◆ **Work item**
Retype, word for word, each line between the lines holding "IVFers Due Mar & Apr 2023" and "Tompi Instagram - Hari", inclusive, and leave the rest of the data alone.

:: Information shown ::

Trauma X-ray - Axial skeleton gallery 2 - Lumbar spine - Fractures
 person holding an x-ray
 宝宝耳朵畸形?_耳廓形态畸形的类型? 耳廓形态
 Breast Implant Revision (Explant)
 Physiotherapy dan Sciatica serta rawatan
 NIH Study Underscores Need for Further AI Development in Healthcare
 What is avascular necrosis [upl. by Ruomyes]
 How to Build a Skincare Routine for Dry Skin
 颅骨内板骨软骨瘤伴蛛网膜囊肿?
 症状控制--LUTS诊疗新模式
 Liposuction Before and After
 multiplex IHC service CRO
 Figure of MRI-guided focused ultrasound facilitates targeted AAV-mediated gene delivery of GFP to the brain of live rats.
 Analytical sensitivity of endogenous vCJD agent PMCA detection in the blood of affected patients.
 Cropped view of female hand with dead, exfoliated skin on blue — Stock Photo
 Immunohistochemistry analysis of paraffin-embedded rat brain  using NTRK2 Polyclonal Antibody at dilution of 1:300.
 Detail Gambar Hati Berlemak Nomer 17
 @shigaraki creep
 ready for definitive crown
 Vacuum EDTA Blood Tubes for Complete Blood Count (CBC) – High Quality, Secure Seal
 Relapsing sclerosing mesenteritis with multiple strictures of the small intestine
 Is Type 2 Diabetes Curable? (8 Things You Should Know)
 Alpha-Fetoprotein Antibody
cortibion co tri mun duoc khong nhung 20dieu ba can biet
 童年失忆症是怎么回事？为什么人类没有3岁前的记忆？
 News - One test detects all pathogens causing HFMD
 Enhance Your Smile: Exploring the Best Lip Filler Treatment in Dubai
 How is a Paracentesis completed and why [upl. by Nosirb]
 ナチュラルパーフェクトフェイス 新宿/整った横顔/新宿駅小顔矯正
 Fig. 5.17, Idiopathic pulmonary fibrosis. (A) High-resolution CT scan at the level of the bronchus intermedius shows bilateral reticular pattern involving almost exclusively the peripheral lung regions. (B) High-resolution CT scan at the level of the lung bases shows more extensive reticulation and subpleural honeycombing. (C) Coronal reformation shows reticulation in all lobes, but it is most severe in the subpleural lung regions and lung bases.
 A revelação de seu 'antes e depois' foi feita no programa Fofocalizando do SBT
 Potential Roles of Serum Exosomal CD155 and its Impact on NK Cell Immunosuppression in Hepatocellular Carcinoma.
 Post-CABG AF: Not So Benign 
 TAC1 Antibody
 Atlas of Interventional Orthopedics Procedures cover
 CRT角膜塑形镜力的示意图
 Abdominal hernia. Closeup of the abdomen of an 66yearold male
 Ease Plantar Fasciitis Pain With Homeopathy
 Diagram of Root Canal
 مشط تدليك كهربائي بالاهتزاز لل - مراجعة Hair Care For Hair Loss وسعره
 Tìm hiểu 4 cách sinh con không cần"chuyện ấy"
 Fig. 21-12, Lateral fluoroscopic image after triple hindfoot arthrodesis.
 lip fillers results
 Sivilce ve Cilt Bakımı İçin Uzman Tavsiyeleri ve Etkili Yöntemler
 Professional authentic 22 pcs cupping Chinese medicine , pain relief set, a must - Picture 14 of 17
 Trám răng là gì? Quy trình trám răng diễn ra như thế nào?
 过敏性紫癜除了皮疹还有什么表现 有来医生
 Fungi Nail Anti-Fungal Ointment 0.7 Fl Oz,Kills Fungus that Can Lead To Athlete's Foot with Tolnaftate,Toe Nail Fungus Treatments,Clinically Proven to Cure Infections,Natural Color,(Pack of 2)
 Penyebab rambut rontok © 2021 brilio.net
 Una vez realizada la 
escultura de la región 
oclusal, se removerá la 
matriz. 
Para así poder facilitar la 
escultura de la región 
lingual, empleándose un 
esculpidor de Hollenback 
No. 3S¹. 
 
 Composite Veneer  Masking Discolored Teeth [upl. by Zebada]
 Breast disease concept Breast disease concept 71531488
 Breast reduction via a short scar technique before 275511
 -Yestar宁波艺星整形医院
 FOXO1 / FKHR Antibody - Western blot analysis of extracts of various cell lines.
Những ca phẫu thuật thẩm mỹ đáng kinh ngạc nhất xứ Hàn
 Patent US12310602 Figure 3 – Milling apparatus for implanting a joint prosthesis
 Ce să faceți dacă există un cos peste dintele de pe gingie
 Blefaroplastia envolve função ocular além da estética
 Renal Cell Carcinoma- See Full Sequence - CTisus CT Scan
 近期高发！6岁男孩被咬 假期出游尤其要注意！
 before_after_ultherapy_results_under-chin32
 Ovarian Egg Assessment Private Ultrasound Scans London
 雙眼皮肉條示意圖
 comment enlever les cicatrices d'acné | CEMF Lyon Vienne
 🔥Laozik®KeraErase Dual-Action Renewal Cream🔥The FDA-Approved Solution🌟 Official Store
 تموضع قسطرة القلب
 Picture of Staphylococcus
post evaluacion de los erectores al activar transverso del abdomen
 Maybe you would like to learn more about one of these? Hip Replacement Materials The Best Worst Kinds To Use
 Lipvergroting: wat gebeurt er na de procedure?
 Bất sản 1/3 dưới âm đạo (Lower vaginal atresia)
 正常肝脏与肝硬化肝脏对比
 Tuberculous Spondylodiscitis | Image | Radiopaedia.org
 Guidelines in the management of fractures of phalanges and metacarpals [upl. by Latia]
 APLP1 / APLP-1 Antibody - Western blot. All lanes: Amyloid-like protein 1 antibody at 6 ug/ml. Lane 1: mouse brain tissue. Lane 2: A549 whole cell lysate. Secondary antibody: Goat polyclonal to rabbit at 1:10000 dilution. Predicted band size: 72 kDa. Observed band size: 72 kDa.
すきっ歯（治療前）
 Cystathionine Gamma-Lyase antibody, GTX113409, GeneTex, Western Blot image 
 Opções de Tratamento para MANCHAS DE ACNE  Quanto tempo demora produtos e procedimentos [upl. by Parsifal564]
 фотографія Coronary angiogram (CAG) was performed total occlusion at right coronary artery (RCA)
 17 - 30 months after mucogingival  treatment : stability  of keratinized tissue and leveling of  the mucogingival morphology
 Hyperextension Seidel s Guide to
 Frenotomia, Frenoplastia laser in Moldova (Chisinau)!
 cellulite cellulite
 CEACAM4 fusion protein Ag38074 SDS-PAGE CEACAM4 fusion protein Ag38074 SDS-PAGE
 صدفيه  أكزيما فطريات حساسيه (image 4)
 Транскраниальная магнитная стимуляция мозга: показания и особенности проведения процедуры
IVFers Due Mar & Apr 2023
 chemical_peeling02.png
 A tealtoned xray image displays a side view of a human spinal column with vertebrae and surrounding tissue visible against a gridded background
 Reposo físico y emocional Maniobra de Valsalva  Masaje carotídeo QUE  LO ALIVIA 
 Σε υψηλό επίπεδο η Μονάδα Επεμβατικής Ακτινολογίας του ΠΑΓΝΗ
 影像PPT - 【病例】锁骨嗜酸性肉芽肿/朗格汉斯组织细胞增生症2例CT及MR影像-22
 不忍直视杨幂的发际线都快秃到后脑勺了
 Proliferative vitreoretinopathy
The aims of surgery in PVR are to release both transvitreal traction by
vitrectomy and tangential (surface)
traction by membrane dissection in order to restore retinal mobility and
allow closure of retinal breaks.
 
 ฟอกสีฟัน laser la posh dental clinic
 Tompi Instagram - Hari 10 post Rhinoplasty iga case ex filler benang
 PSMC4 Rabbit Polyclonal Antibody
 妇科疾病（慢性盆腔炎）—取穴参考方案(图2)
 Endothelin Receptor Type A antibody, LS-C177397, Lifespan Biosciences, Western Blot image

:::

◆ **Written answer**
IVFers Due Mar & Apr 2023
 chemical_peeling02.png
 A tealtoned xray image displays a side view of a human spinal column with vertebrae and surrounding tissue visible against a gridded background
 Reposo físico y emocional Maniobra de Valsalva  Masaje carotídeo QUE  LO ALIVIA 
 Σε υψηλό επίπεδο η Μονάδα Επεμβατικής Ακτινολογίας του ΠΑΓΝΗ
 影像PPT - 【病例】锁骨嗜酸性肉芽肿/朗格汉斯组织细胞增生症2例CT及MR影像-22
 不忍直视杨幂的发际线都快秃到后脑勺了
 Proliferative vitreoretinopathy
The aims of surgery in PVR are to release both transvitreal traction by
vitrectomy and tangential (surface)
traction by membrane dissection in order to restore retinal mobility and
allow closure of retinal breaks.
 
 ฟอกสีฟัน laser la posh dental clinic
 Tompi Instagram - Hari 10 post Rhinoplasty iga case ex filler benang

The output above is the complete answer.